• EXERCISE DIRECTIONS:
Copy nothing but the lines from the one containing "Gráfico del Nikkei" through the last line of the entries below, exactly as written and without pictures.

• PROVIDED RECORDS:
*-*-*
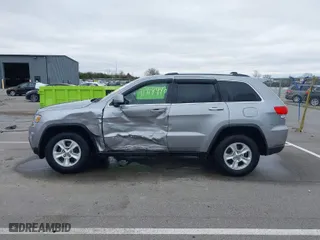 2014 Jeep Grand Cherokee Laredo with VIN 1C4RJFAG6EC230568, listed as a IAAI auction lot 41914990 with 137,214 mi miles. Bid and sale history available at carsss.com. Image 14.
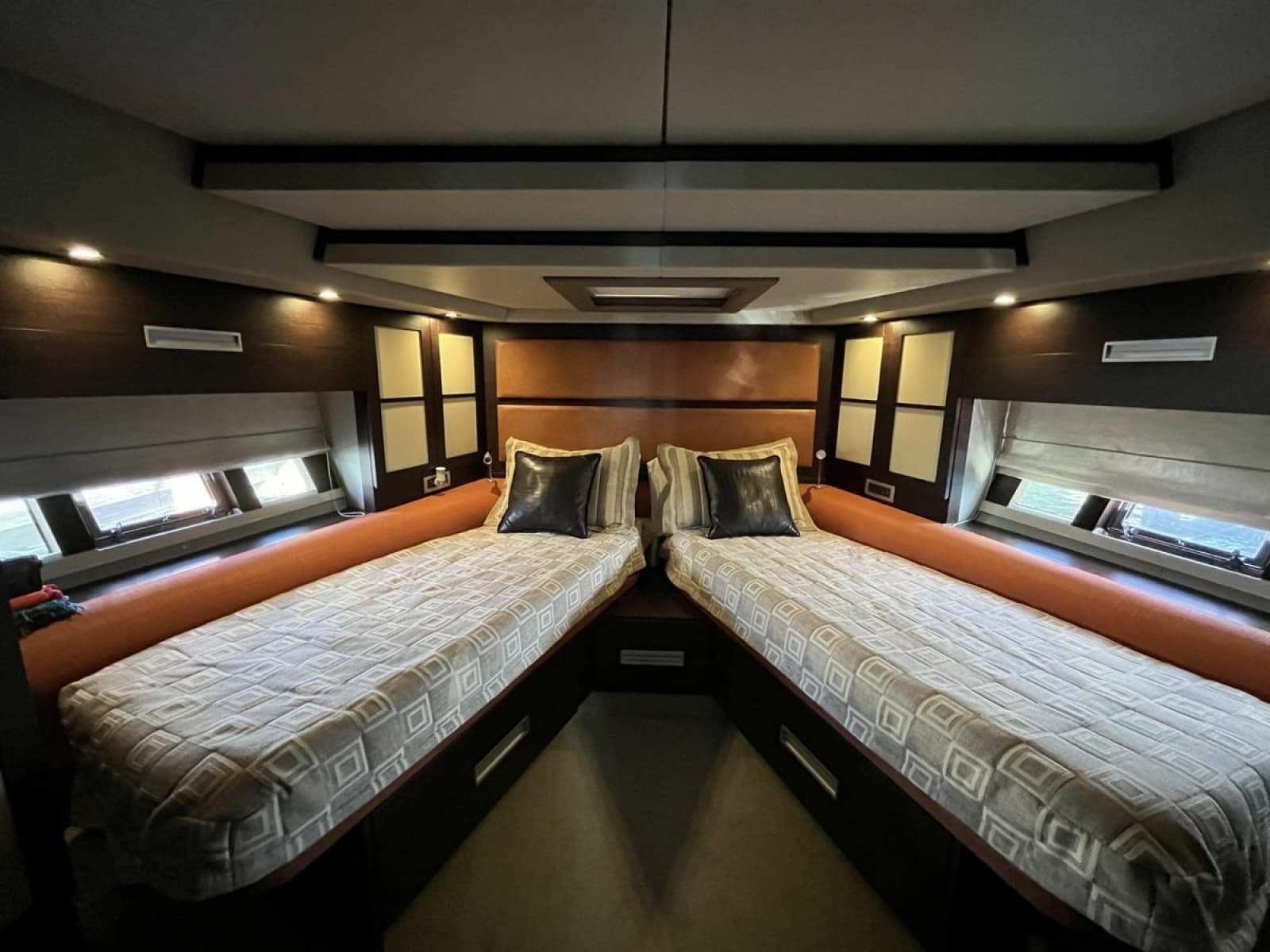 2008 Azimut 62S - Photo 35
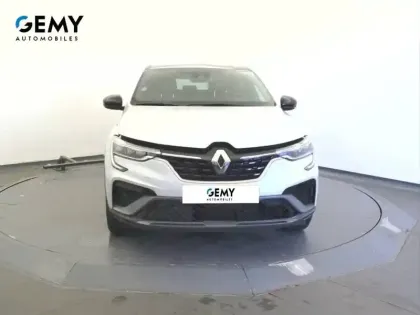 Photo 16 Renault Arkana  E-Tech hybride 145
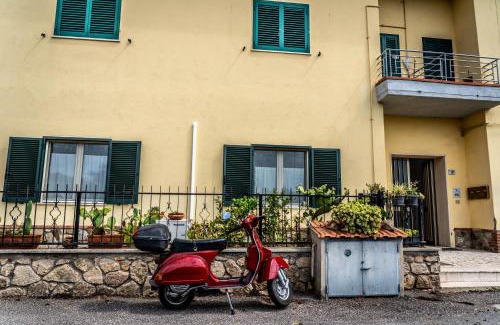 Albinia Apartment | 15 minutes walk to the beach - Casa Oikia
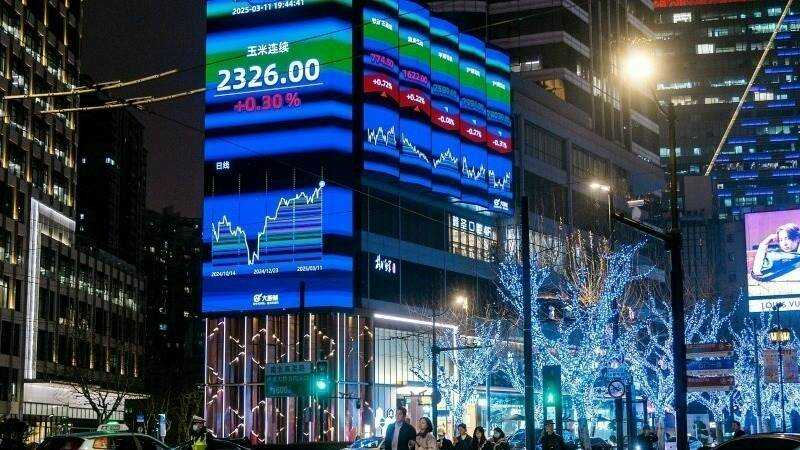 Gráfico del Nikkei 225 en rojo con caída del 0,43% tras anuncio del pacto tecnológico EEUU-Taiwán sobre semiconductores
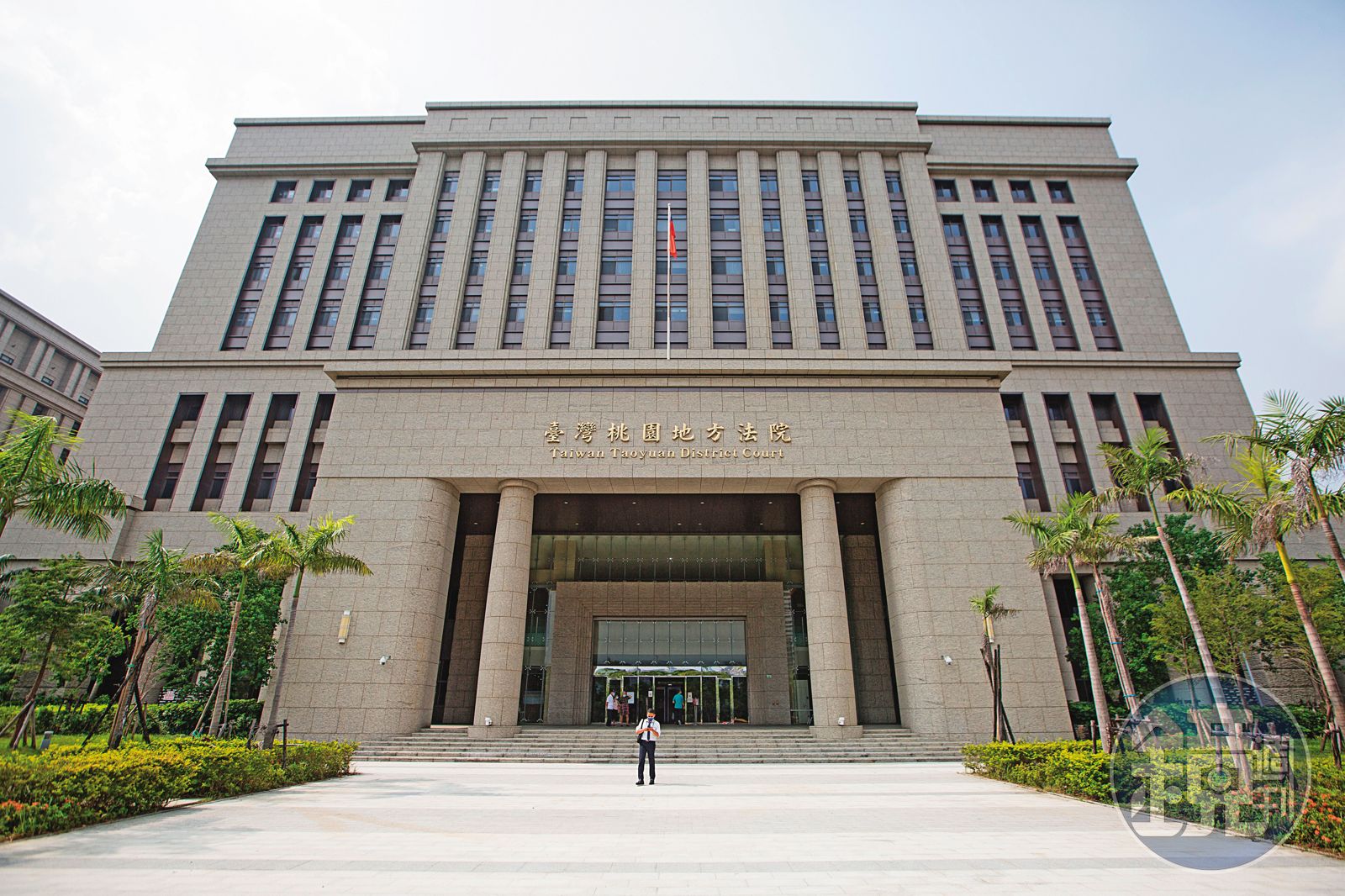 林男被桃園地院(圖)裁定20萬元交保後,旋即再度逃逸,引起自救會成員不滿。(圖/鏡週刊)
*-*-*
• ANSWER TO THE EXERCISE:
 Gráfico del Nikkei 225 en rojo con caída del 0,43% tras anuncio del pacto tecnológico EEUU-Taiwán sobre semiconductores
 林男被桃園地院(圖)裁定20萬元交保後,旋即再度逃逸,引起自救會成員不滿。(圖/鏡週刊)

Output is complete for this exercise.